Exercise instructions —
Copy nothing but the line with "Property at 50" and the lines that follow it to the end of the entries below, and keep the pictures out.

Web page caption snippets:
────
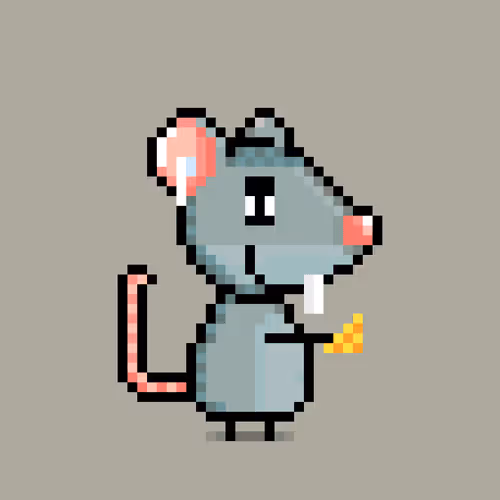 Gorgonzorats
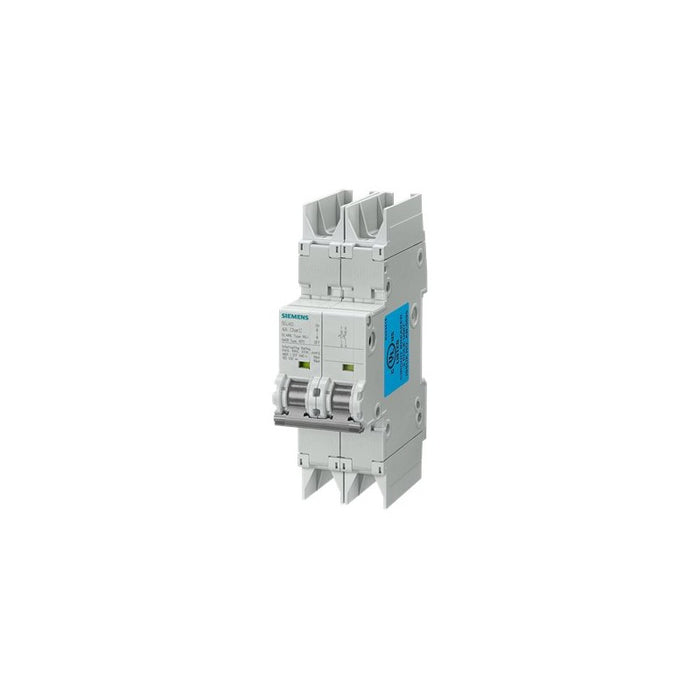 5SJ4203-8HG42 Siemens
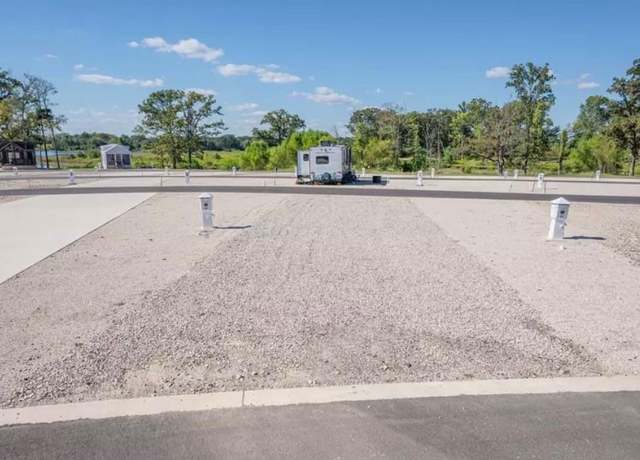 Property at 50 County Road 3227 #63, Mount Pleasant, TX 75455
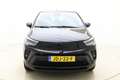 Opel Crossland 1.2 Turbo GS 110 PK | Navigatie via Carplay | came Noir - thumbnail 6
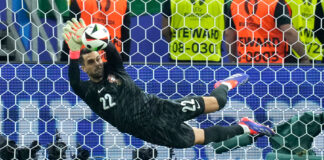 Diogo Costa.jpg
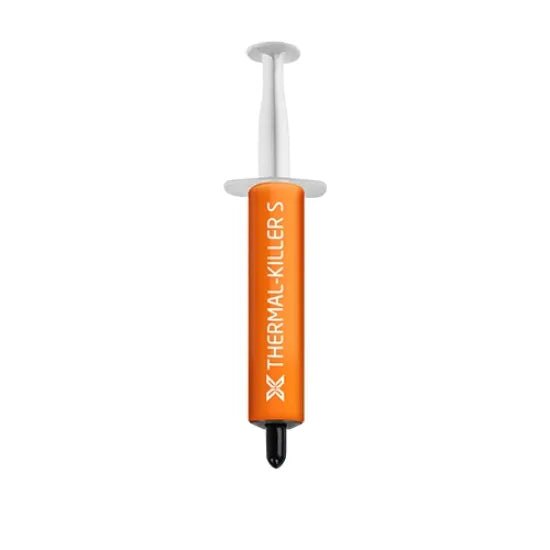 XIGMATEK THERMAL KILLER S 3G THERMAL PASTE - AHW Store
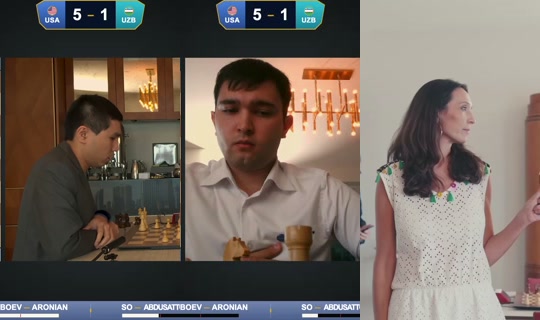 gmhikaru's Stream - Jul 27, 2026, 8:38 PM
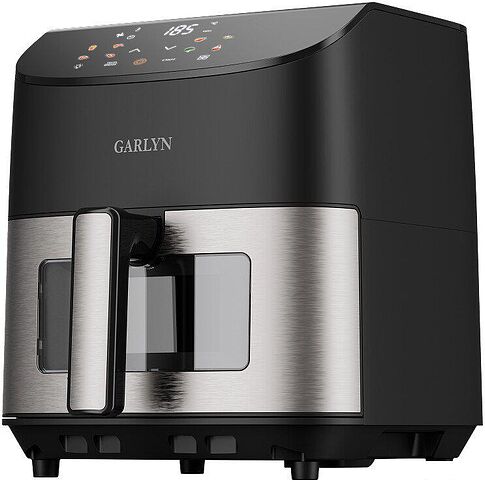 Аэрогриль (аэрофритюрница) Garlyn AG-500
────
Answer space —
 Property at 50 County Road 3227 #63, Mount Pleasant, TX 75455
 Opel Crossland 1.2 Turbo GS 110 PK | Navigatie via Carplay | came Noir - thumbnail 6
 Diogo Costa.jpg
 XIGMATEK THERMAL KILLER S 3G THERMAL PASTE - AHW Store
 gmhikaru's Stream - Jul 27, 2026, 8:38 PM
 Аэрогриль (аэрофритюрница) Garlyn AG-500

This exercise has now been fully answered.